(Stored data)
....

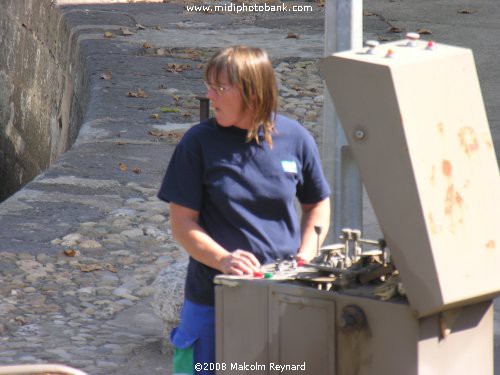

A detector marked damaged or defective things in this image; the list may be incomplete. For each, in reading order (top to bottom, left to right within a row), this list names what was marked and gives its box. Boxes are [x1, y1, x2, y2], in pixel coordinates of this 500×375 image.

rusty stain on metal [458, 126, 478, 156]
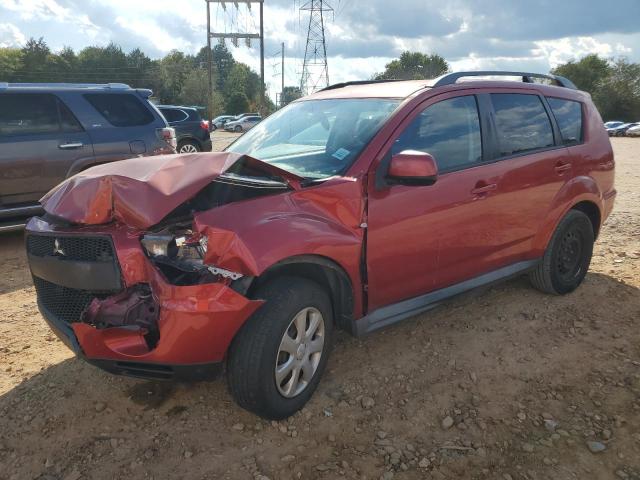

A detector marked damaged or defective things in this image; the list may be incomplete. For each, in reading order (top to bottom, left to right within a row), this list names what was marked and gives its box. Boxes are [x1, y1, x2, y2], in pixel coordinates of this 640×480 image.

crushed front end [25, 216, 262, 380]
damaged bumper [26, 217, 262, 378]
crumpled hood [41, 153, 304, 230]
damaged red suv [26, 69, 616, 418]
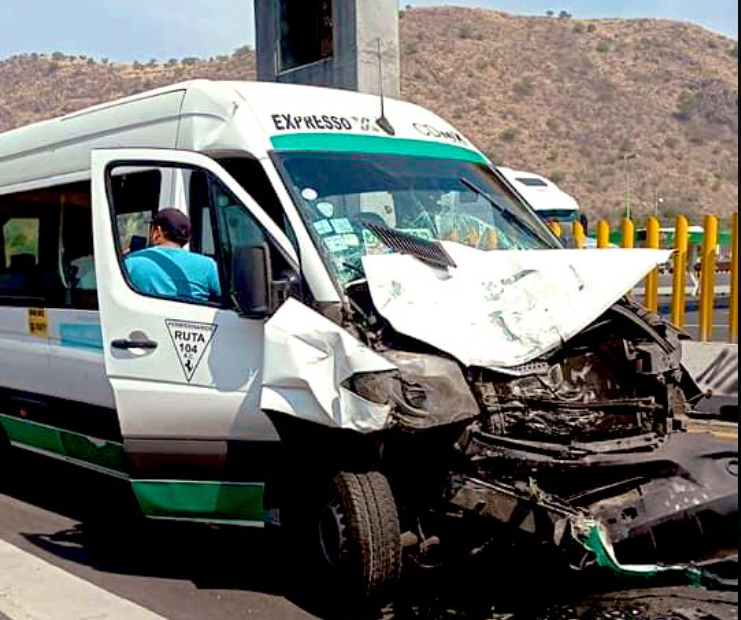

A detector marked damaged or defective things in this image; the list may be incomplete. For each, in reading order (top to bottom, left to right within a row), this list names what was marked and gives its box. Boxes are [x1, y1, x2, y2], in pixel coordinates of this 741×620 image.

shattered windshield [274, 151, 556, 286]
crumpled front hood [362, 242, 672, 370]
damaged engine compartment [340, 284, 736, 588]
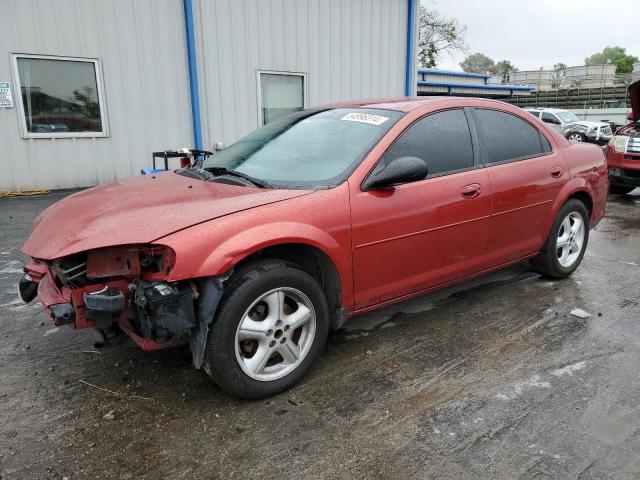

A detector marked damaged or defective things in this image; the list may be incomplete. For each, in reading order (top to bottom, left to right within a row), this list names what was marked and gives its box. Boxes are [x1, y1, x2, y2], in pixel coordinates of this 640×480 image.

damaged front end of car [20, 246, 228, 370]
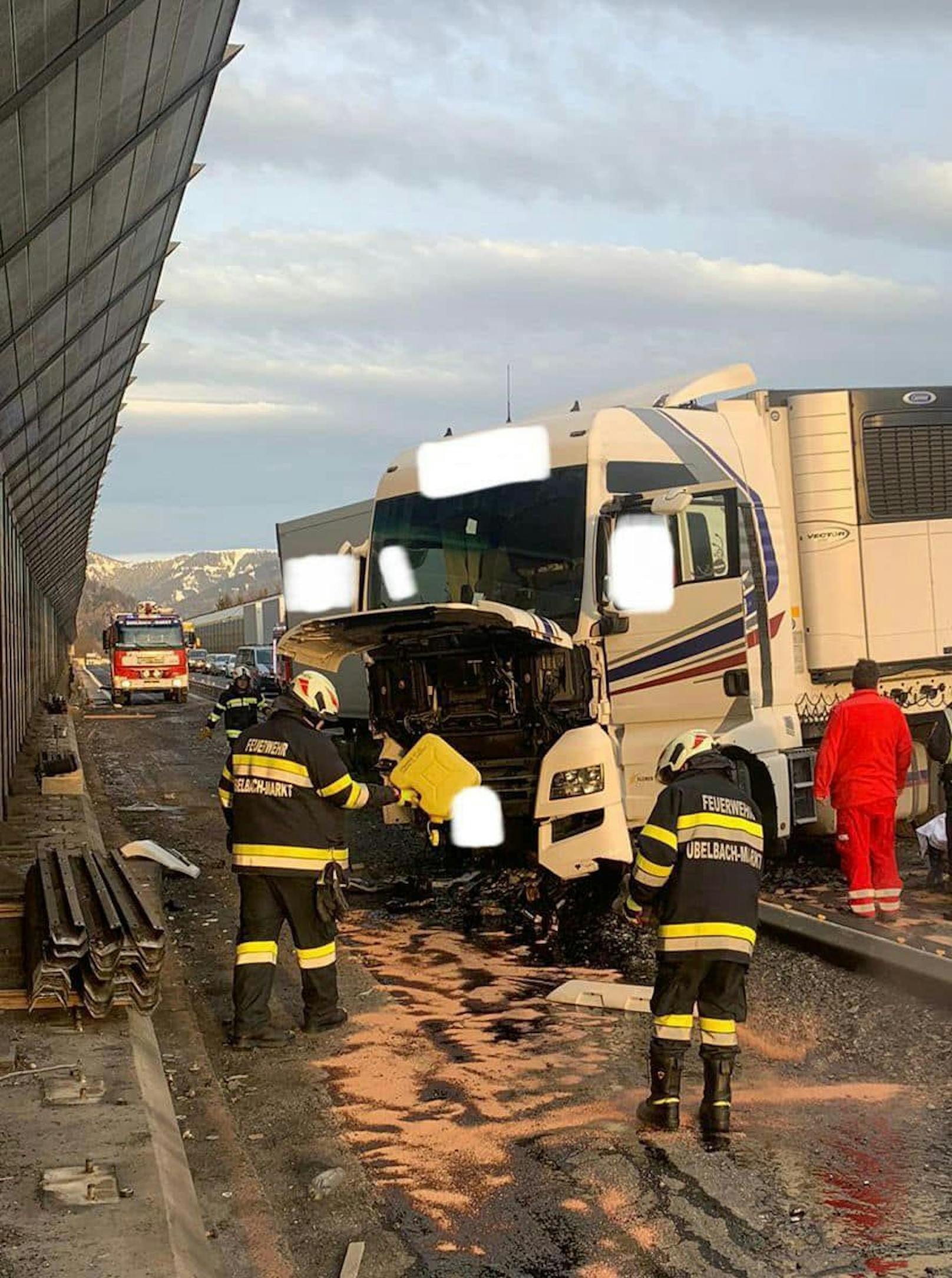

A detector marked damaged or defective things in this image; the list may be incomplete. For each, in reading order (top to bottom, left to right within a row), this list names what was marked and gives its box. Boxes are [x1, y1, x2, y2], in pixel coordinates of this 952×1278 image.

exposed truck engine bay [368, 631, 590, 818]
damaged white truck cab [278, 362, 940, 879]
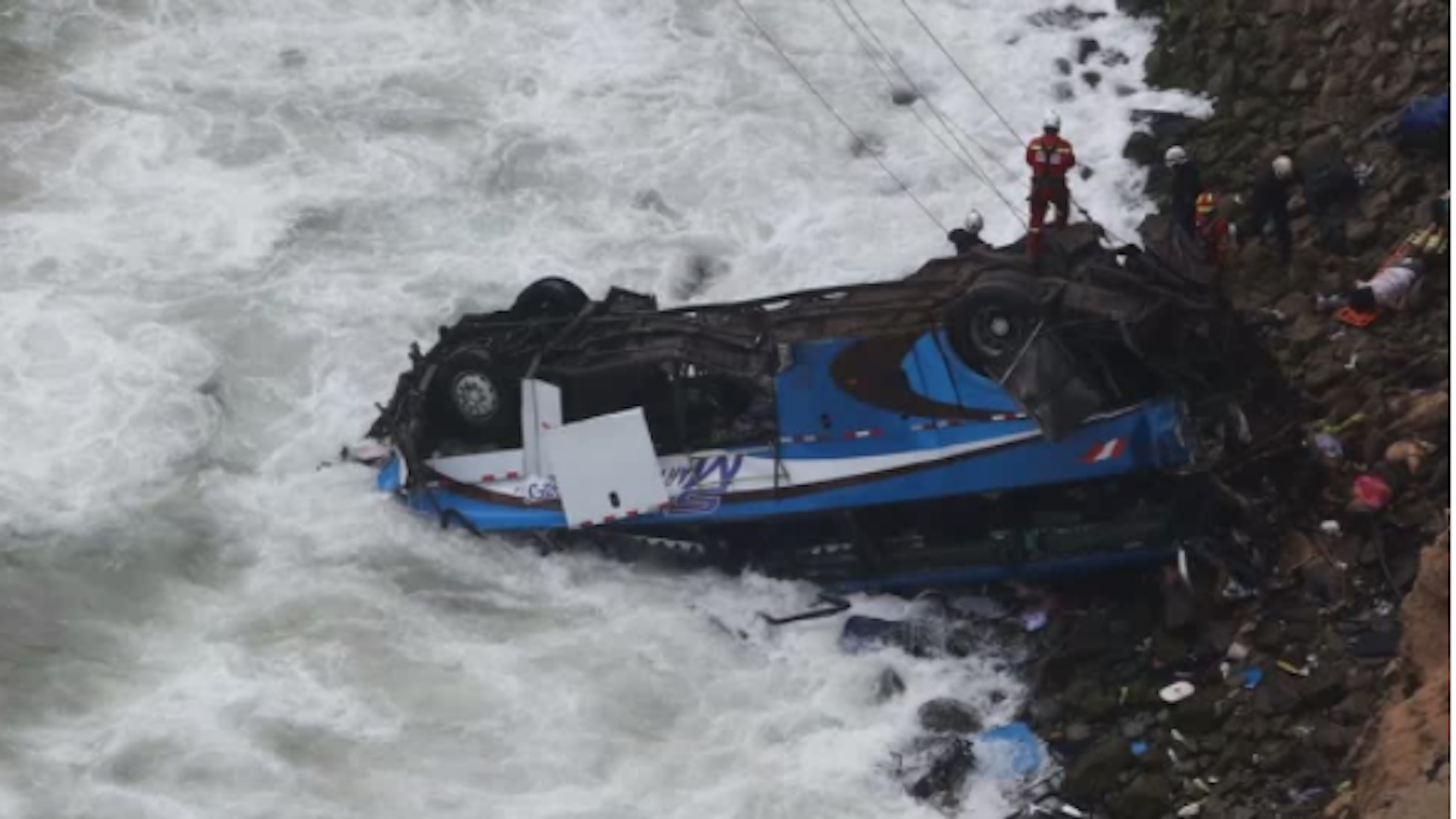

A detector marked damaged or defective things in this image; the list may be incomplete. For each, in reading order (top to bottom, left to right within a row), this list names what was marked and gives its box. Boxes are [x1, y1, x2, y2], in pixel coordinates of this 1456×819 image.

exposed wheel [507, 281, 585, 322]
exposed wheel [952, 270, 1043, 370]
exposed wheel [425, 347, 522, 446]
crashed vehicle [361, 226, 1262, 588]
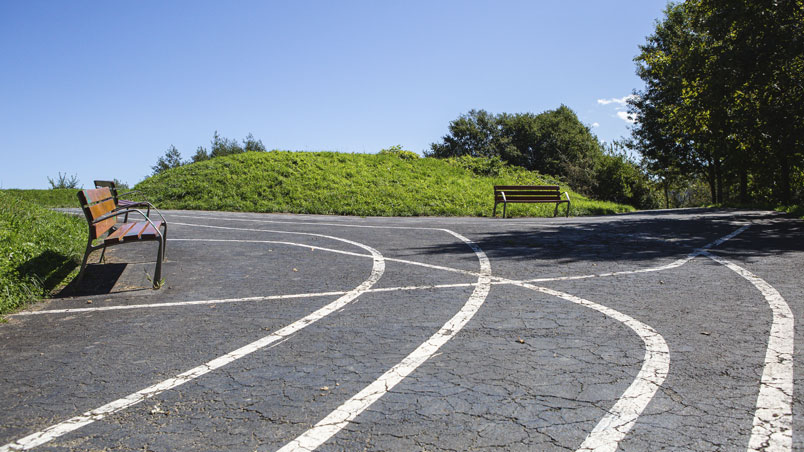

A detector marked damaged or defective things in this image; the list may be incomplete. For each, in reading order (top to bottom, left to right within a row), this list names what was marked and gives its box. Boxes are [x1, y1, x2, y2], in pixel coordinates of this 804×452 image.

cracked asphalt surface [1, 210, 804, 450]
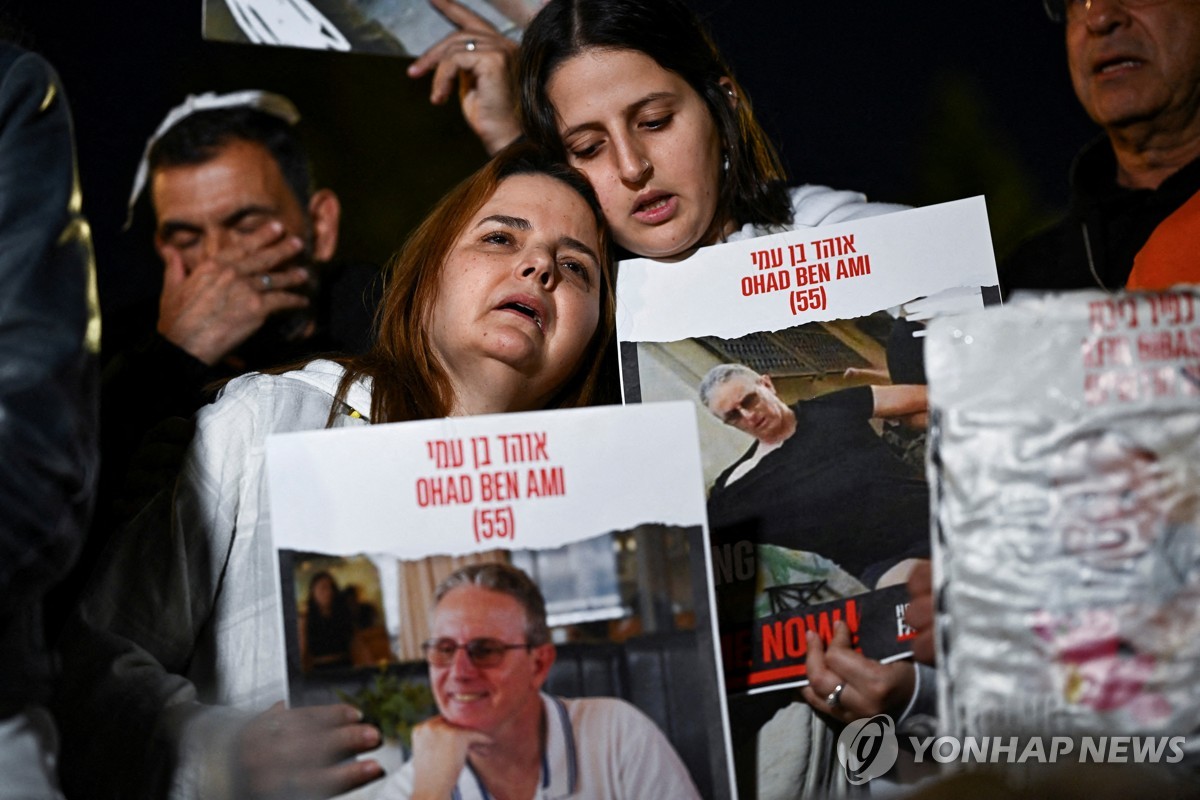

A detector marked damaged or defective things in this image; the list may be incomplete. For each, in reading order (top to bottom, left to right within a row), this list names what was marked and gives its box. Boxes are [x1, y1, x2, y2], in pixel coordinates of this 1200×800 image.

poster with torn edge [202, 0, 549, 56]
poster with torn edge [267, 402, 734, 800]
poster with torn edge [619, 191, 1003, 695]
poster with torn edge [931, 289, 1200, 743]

....

### Your goal
Copy every line above exactly, leaving no picture in the copy.

### Written reply
A detector marked damaged or defective things in this image; the list may be incomplete. For each, in reading order (top to bottom, left to right within a row), this list names what was marked and gives its box. Boxes are [x1, y1, x2, y2], in pixel coordinates of this 500×375 image.

rusty stain on metal [458, 126, 478, 156]

A detector marked damaged or defective things in this image; the list may be incomplete. For each, in reading order (top to bottom, left to right within a row), this list names what was marked and gives its box. Boxes are [x1, y1, x2, y2], in pixel coordinates of this 640×480 image.

crushed front end [25, 216, 262, 380]
damaged bumper [26, 217, 262, 378]
crumpled hood [41, 153, 304, 230]
damaged red suv [26, 69, 616, 418]

A detector marked damaged or defective things in this image; the list may be incomplete. For each, in reading order (top to bottom, left to right within a row), this list names what was marked and gives its box. Boxes are [x1, y1, x2, y2], in pixel coordinates of this 741×620 image.

shattered windshield [274, 151, 556, 286]
crumpled front hood [362, 242, 672, 370]
damaged engine compartment [340, 284, 736, 588]

A detector marked damaged or defective things in this image; the list may be incomplete. For each, in reading order (top to bottom, left to right within a row), this list names what was marked and gives its box. Boxes are [x1, y1, x2, y2], in pixel coordinates of this 640×480 image.

damaged front end of car [20, 246, 228, 370]

A detector marked damaged or defective things in this image; the list may be incomplete. For each, in reading order (top to bottom, left to right within a row), this list names what was marked and gives its box. Boxes are [x1, y1, x2, y2], in pixel coordinates of this 952×1278 image.

exposed truck engine bay [368, 631, 590, 818]
damaged white truck cab [278, 362, 940, 879]

A detector marked damaged or defective things in this image; the list may be incomplete. For each, in reading order (top to bottom, left to right within a row), this list names what was marked and gives its box. Boxes are [x1, y1, x2, y2], in pixel coordinates of this 1456×819 image.

exposed wheel [507, 281, 585, 322]
exposed wheel [952, 270, 1043, 370]
exposed wheel [425, 347, 522, 446]
crashed vehicle [361, 226, 1262, 588]

A detector marked damaged or defective things in this image; the list may be incomplete. For each, in reading order (top to bottom, left to right within a row), this list names what was marked and gives its box. Boxes are [x1, y1, x2, y2], in pixel coordinates of this 804×452 image.

cracked asphalt surface [1, 210, 804, 450]

A detector marked damaged or defective things in this image; the list may be incomplete. For each, in reading order (top to bottom, left to right within a row), this list names what was marked and gives its box. Boxes are [x1, y1, x2, y2], in pixel coordinates of this 1200×800 image.

poster with torn edge [202, 0, 549, 56]
poster with torn edge [267, 402, 734, 800]
poster with torn edge [619, 191, 1003, 695]
poster with torn edge [931, 289, 1200, 743]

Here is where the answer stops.